Problem:
What you write should be an exact copy of the material, from its first line through the line containing "Hands holding bubble".

Data to process:
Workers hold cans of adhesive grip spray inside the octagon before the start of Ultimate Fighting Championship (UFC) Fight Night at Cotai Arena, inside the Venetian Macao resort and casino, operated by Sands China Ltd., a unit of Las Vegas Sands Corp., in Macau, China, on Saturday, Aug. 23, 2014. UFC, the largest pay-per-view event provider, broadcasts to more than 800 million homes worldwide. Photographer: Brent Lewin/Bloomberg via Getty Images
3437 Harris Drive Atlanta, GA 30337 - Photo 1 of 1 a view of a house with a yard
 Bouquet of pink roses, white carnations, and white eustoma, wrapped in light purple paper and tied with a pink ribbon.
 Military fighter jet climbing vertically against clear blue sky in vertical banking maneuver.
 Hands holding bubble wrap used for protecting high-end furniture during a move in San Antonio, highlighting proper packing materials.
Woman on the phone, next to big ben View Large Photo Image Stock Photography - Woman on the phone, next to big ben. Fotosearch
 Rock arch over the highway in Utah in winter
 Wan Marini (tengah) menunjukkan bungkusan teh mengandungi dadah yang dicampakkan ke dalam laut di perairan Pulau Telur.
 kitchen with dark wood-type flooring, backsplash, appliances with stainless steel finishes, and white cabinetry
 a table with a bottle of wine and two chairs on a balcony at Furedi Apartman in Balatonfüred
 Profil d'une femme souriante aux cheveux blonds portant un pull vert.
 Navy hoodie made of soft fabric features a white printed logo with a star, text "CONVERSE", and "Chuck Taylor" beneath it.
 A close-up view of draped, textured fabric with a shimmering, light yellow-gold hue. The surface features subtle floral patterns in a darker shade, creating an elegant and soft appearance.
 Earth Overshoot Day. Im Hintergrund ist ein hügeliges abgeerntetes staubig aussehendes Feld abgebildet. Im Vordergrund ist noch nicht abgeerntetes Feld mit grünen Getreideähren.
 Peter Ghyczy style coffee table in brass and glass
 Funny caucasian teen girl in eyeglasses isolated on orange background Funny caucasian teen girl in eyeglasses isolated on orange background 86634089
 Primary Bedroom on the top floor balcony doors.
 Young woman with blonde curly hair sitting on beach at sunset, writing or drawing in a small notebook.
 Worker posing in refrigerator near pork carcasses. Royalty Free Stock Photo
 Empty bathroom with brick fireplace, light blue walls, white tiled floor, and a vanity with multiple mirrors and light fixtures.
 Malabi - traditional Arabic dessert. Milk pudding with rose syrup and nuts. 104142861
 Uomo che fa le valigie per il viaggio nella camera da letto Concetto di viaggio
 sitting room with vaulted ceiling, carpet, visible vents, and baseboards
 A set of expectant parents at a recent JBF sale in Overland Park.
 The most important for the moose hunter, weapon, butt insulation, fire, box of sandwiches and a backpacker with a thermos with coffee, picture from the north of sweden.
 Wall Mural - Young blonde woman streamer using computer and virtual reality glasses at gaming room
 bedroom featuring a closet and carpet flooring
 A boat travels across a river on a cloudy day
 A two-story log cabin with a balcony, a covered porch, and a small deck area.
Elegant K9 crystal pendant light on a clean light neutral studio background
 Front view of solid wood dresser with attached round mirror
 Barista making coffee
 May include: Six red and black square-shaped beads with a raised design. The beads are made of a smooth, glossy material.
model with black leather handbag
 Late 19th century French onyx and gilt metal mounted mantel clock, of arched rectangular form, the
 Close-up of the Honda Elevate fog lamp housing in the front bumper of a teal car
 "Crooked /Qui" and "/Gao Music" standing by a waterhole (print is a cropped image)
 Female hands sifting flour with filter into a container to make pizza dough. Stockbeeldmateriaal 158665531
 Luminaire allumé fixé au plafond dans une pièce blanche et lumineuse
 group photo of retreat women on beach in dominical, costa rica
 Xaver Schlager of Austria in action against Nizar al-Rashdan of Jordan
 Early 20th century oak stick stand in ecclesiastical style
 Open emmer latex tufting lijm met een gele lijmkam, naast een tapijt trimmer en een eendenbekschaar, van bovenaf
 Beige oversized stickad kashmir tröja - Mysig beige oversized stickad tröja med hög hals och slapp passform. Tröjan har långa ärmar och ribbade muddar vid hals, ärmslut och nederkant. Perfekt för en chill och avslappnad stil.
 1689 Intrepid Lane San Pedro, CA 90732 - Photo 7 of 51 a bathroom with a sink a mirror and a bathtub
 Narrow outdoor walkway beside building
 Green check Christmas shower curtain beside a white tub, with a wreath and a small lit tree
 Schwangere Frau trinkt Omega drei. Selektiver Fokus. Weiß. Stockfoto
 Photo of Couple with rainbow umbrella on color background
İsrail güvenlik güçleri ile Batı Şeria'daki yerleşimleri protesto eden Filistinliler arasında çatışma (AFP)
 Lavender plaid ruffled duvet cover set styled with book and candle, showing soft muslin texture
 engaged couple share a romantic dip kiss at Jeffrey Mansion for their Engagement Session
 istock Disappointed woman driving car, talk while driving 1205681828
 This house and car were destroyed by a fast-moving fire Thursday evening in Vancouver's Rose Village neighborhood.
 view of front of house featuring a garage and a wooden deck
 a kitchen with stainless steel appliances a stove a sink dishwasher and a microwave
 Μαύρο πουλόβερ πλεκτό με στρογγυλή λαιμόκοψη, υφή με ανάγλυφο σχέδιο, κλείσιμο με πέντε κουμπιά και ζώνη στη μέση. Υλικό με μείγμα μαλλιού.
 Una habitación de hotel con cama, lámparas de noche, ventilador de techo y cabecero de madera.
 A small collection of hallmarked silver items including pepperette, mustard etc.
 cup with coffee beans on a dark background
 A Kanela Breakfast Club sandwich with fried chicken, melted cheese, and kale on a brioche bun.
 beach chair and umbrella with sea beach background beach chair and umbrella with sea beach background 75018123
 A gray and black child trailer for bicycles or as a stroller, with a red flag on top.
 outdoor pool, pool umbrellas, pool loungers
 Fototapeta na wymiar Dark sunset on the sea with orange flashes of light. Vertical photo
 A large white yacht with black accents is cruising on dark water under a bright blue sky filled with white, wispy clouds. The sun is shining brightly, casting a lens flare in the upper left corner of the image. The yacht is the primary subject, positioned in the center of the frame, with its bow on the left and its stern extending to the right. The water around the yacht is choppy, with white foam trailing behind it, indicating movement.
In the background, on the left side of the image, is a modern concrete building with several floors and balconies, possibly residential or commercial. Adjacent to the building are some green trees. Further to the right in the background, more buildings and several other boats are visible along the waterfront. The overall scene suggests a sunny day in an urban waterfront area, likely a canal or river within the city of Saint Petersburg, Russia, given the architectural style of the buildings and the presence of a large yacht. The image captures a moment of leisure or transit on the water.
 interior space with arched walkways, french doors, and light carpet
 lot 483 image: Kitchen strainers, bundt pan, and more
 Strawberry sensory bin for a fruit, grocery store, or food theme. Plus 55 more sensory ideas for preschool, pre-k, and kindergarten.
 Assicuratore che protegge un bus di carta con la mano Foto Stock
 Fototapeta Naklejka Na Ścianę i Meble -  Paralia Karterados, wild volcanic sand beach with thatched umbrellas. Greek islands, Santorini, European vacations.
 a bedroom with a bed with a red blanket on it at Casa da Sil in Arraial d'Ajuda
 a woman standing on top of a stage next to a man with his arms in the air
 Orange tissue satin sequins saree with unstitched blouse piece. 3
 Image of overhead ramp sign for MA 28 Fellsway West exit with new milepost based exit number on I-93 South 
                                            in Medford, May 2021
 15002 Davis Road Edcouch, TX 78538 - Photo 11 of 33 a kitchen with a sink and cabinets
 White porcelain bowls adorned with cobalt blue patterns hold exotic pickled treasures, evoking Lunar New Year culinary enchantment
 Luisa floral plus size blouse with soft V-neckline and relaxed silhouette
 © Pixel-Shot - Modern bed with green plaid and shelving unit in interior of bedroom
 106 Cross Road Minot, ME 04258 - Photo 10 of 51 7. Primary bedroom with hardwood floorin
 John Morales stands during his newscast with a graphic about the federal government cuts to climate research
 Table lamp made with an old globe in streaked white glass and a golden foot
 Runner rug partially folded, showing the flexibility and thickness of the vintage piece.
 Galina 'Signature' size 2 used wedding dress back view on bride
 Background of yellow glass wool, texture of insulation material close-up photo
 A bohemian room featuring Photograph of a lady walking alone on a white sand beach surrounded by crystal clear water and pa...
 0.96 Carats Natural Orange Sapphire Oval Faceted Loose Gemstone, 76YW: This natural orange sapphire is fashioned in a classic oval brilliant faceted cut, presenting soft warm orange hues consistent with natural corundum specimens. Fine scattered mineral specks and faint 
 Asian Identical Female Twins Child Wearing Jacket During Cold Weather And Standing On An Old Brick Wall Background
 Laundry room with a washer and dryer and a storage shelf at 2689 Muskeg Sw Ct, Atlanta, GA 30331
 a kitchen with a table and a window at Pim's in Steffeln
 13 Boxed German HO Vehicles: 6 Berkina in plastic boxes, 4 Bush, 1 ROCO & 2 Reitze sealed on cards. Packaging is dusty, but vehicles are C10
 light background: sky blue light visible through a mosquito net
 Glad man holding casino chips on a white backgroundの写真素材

Task solution:
Workers hold cans of adhesive grip spray inside the octagon before the start of Ultimate Fighting Championship (UFC) Fight Night at Cotai Arena, inside the Venetian Macao resort and casino, operated by Sands China Ltd., a unit of Las Vegas Sands Corp., in Macau, China, on Saturday, Aug. 23, 2014. UFC, the largest pay-per-view event provider, broadcasts to more than 800 million homes worldwide. Photographer: Brent Lewin/Bloomberg via Getty Images
3437 Harris Drive Atlanta, GA 30337 - Photo 1 of 1 a view of a house with a yard
 Bouquet of pink roses, white carnations, and white eustoma, wrapped in light purple paper and tied with a pink ribbon.
 Military fighter jet climbing vertically against clear blue sky in vertical banking maneuver.
 Hands holding bubble wrap used for protecting high-end furniture during a move in San Antonio, highlighting proper packing materials.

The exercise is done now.